|
Rickshaw is one of the oldest vehicles of Kolkata. It may be a matter of surprise that the city manages to retain the hackneyed rickshaw along with the present day transport systems like the metro railway. The long parallel bars and colourful seats with the ‘tung tang’ rhythm of the bells, make Rickshaw an emblem of Kolkata tradition.
In India, hand-pulled rickshaws are only seen in this city. It doesn’t mean that latest technologies are not welcome in this city. Most of the places in Kolkata have cycle rickshaw and auto rickshaw facility. There are an estimated 24,000 rickshaw pullers in Kolkata. But hand-pulled rickshaws are mostly confined to the traditional localities of this city. Bowbazar, College Street, Hogg Market, Bhowanipur, Kalighat, Shyambazar, Amherst Street, Ballygunge are the localities of ‘Rickshaw Communities’.
The vehicle is marked as the most convenient and cheap transport. There are rickshaw pullers who are kept on monthly basis to give a regular trip to the schools. Moreover they are very dutiful and humble. One will have to spend a minimum of five rupees to take a small trip. Before Independence the minimum charge was 1 anna only.
Laxman Ray stands at a crossroads, eyeing four lanes of oncoming traffic. His hair is gray, his feet are bare on the hot asphalt, and his well-muscled arms are balancing the tool of his trade: a hand-pulled rickshaw. Then he makes his dash, banging a bell and pulling a semi-terrified passenger from the mad, honking thoroughfare into a quiet, shop-filled lane.
The image the rickshaw pullers – of man pulling man – has always been an uncomfortable one for cosmopolitan, educated Indians. Until now, this discomfort has been balanced by the desire to allow each Indian to maintain a livelihood, no matter how humble.
We cheer for the vintage and get nostalgic when NGOs speak about the rickshaw pullers. But should we feel proud about rickshaw – the inhuman vehicle? It shocks when a plump of flesh boards on a rickshaw with heaps of luggage and orders the aged rickshaw puller to run fast. Added to all these is the barbaric attitude of the passengers ugly bargains on the rate. Can any civilized city even dare to dream that a man bent with age and lashes of poverty is pulling on double or triple weight passengers and luggage?
Rickshaw has inspired poets, artists, novelists and even filmmakers.

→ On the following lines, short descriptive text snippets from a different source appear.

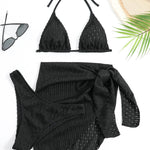 Ribbed Up: 3 Pieces Bikini Set - Reverse Beauty®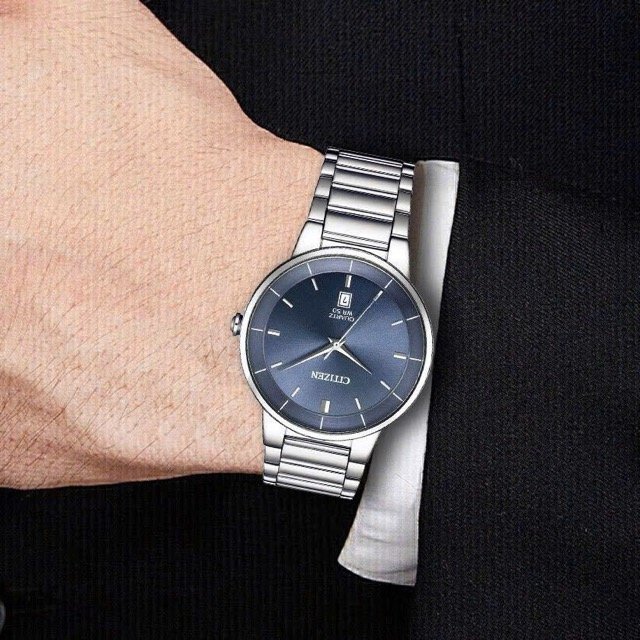 Đồng hồ nam dây thép Citizen Quartz BI5120-51L - Ảnh 2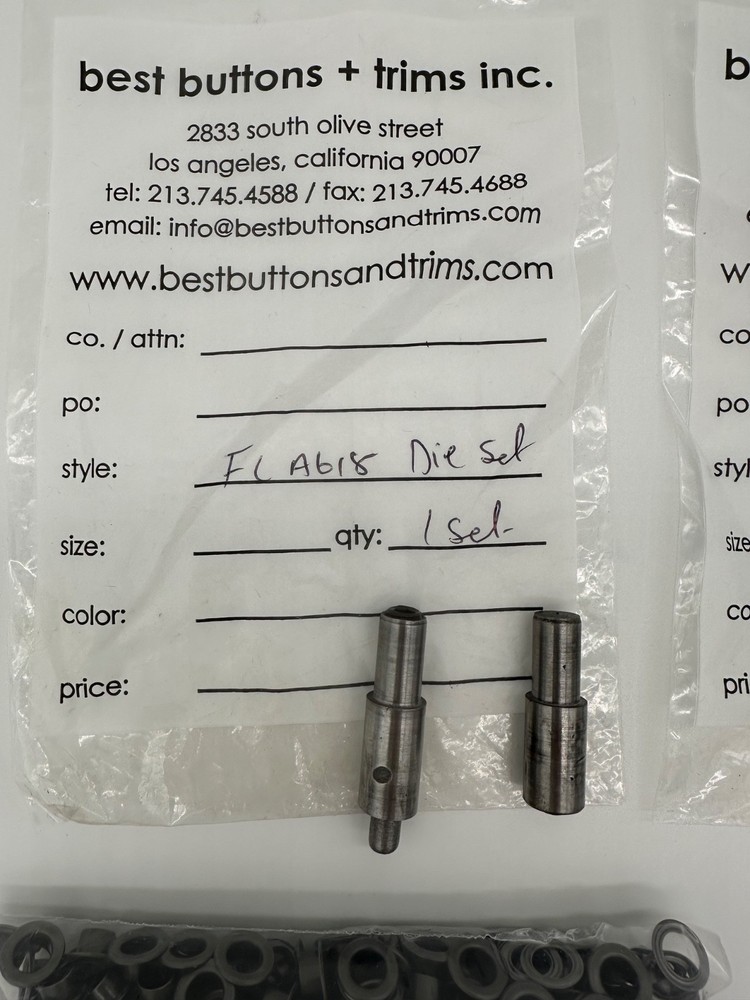 3mm grommets eyelets including setting dies for kick-press machine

The most controversial cinema ‘City of Joy’ was based on the traumatised life of a rickshaw puller (cast by Om Puri) and his wife (cast by Shabana Azmi). It is high time to think about the hand pullers. They should have a fixed rate chart, proper trade association to safeguard their interest and health.
Kolkata is the city of life, love and humanity – hand driven rickshaws are really tragedies. It reminds us of Ray’s last film ‘Agantuk’ (stranger) – “After 36 years of world tour, coming to Calcutta, I find my city is standing in the same position, man is pulling rickshaw…”
Originally brought to India by Chinese immigrants, rickshaws were a major technological advance over the sedan chair, or palanquin, found in 19th century Europe and Asia. Invented in Japan in the 1860s, the jin riki sha required only one puller, compared with the two to four footmen required to carry a single person on a palanquin. Rickshaws became the favored form of transport for the middle and upper classes, not just in India, but across Europe as well.
While the hand-pulled rickshaw gave way to the automobile in much of Europe by the turn of the century, and bicycle-powered rickshaws across the rest of the Indian subcontinent, they have stubbornly held their own in the job-hungry streets of Kolkata, long an economic powerhouse and home of good factory jobs, but now merely a magnet for cheap labor from Bihar, Bangladesh, and beyond.